4 de março de 2011

A gaveta, não lugar do exílio

Há dias, enquanto lia um artigo de Douglas Mansur da Silva, intitulado "A oposição no exílio e a memória da resistência ao Estado Novo em São Paulo", a minha atenção não pôde deixar de captar duas ideias desenvolvidas por este antropólogo brasileiro. Em primeiro lugar, o paradoxo de a esquerda portuguesa (em torno de um jornal de intervenção, o «Portugal Democrático») se movimentar livremente no Brasil militar, ao passo que a esquerda brasileira era reprimida. E isto, fundamentalmente, devido ao posicionamento expectante de Brasilia relativamente à questão colonial e à natural simpatia pelos movimentos libertadores nacionalistas.

A outra ideia (que aparentemente pouco tem que ver com a seguinte) assenta na construção metafórica do exílio antes de o ser, como a pescada. Efectivamente, «para muitos que militaram no campo da oposição, o exílio tem início, portanto, em Portugal, através do contacto com as práticas de oposição, por intermédio da participação nos movimentos que emergiram no decorrer e no pós-guerra (...) ou por relações próximas com intelectuais contrários ao regime, produzindo um distanciamento objectivo e subjectivo frente às ideias oficiais».
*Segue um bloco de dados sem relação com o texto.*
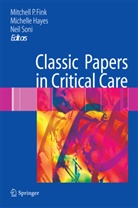 Mitchell P. Fink, Michell Hayes, Michelle Hayes, Neil Soni - Classic Papers in Critical Care
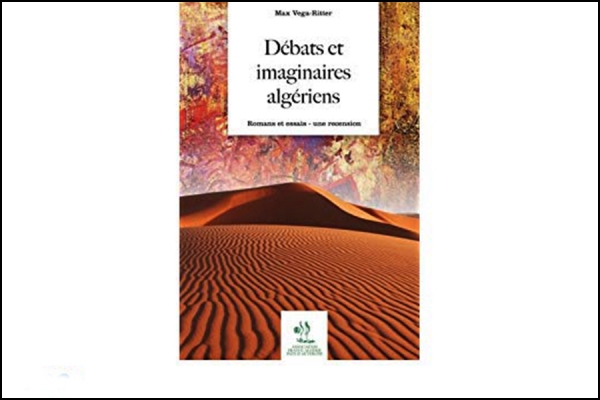 &#039;Débats et imaginaires algériens&#039;  de Max Véga-Ritter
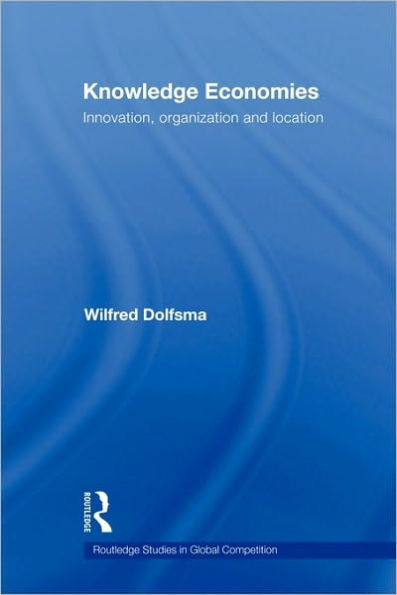 Knowledge Economies: Organization, location and innovation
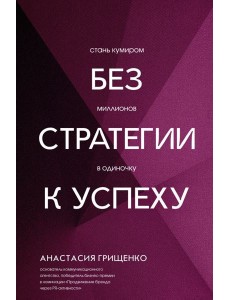 Без стратегии к успеху. Стань кумиром миллионов в одиночку Без стратегии к успеху. Стань кумиром миллионов в одиночку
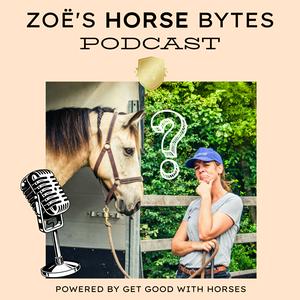 Listen to Zoë's Horse Bytes in the App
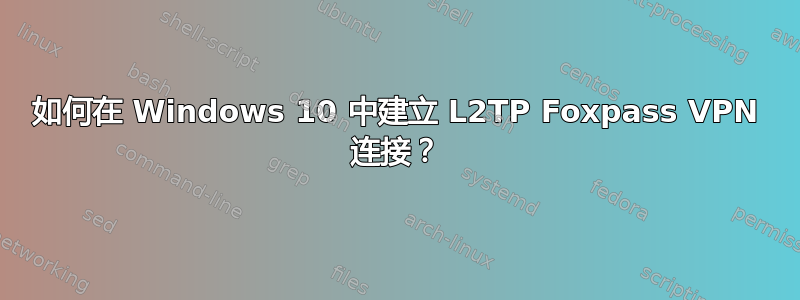 如何在 Windows 10 中建立 L2TP Foxpass VPN 连接？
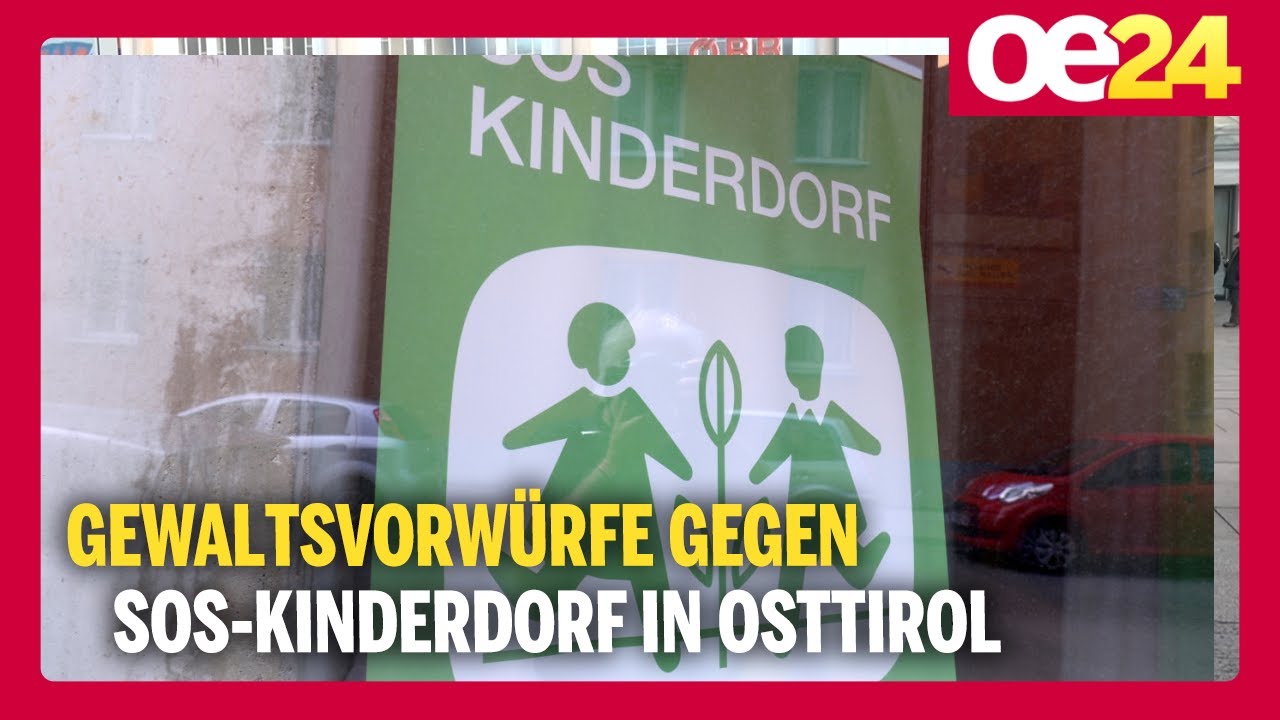 Gewaltsvorwürfe gegen SOS-Kinderdorf in Osttirol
O que Douglas da Silva pretende dizer é que estes indivíduos (eventualmente a generalidade), desenvolveram disposições, no sentido dado por Bernard Lahire, que estruturam toda a sua acção e engavetam defensivamente as suas ideias à circunscrição craniana e a um par de círculos forçosamente íntimos porque a sanção prevista facilmente transformaria o exílio psicológico numa experiência repressiva.
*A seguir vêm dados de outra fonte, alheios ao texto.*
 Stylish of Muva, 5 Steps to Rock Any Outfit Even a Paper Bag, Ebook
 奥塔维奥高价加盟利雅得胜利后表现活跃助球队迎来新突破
Nestes termos, incomodados e perseguidos, estes indivíduos passam por uma experiência de exílio psicológico e intelectual, antes mesmo de tomarem a derradeira decisão de materializá-lo. E voltar a reunir corpo e mente numa mesma unidade indivisível. Se pudéssemos inverter estes dois contextos e conjugá-los com os dois tipos de exílio, poderíamos chegar à condição do exilado mental num mundo colorido. Ou seja, um Mário de Sá Carneiro, um Baudelaire ou outro qualquer típico insatisfeito, transformado num exilado livre, confortavelmente instalado e até, formalmente respeitado. 

Esta insatisfação asfixiante num mundo unidimensional, medíocre rasteiro contra o qual não mobilização suficiente de forças oposicionistas, remete o espírito para a gaveta, antes mesmo do corpo se lhe juntar. A primeira alternativa seria o ostracismo da dignidade e o conluio com a perspectiva ignorante da ralé porque é sempre em «diálogo» com esta que o indivíduo se exila, ainda que metaforicamente. A segunda, sair, reificando o adágio popular «quem está mal, muda-se».